Provided information START
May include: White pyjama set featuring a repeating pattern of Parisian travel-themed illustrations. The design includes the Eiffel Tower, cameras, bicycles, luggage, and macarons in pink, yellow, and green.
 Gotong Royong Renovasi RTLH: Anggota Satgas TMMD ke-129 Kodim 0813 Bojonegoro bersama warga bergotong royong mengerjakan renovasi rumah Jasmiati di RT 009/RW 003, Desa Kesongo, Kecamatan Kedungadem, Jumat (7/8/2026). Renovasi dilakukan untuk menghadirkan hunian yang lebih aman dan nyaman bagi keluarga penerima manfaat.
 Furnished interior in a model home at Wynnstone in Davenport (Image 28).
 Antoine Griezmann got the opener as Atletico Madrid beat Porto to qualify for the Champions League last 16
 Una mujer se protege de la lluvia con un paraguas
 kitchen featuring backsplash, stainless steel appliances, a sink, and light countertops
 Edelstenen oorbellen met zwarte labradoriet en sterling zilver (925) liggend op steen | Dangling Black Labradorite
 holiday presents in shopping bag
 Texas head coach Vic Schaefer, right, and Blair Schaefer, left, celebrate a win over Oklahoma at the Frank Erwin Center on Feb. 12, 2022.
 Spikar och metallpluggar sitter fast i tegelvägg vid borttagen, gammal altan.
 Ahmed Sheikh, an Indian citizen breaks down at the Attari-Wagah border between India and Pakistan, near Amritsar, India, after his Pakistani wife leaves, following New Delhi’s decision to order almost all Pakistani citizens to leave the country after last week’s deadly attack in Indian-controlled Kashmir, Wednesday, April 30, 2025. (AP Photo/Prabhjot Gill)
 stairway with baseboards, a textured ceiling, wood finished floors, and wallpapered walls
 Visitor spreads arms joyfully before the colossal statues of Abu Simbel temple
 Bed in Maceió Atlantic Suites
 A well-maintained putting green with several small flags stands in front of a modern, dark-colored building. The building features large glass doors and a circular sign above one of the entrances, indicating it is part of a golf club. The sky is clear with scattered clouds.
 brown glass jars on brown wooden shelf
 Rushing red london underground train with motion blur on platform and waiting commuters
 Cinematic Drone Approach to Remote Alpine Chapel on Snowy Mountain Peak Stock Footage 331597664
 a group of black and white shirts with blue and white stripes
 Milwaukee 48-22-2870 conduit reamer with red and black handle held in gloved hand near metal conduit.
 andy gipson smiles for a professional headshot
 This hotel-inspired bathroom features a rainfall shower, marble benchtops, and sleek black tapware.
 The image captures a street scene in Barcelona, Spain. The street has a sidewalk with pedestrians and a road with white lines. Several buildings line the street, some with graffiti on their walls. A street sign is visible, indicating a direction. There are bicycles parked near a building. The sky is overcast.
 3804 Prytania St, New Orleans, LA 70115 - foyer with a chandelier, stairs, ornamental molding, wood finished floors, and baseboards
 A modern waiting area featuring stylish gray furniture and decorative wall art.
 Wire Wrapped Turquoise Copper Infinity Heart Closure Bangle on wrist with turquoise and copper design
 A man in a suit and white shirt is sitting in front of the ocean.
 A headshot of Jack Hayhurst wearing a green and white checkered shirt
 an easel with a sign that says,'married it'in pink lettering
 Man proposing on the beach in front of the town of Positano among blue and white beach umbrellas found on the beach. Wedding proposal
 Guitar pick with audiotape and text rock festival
Provided information END
→ Assignment: Out of the records above, pick each line that contains the string "design".

→ Written reply:
May include: White pyjama set featuring a repeating pattern of Parisian travel-themed illustrations. The design includes the Eiffel Tower, cameras, bicycles, luggage, and macarons in pink, yellow, and green.
 Wire Wrapped Turquoise Copper Infinity Heart Closure Bangle on wrist with turquoise and copper design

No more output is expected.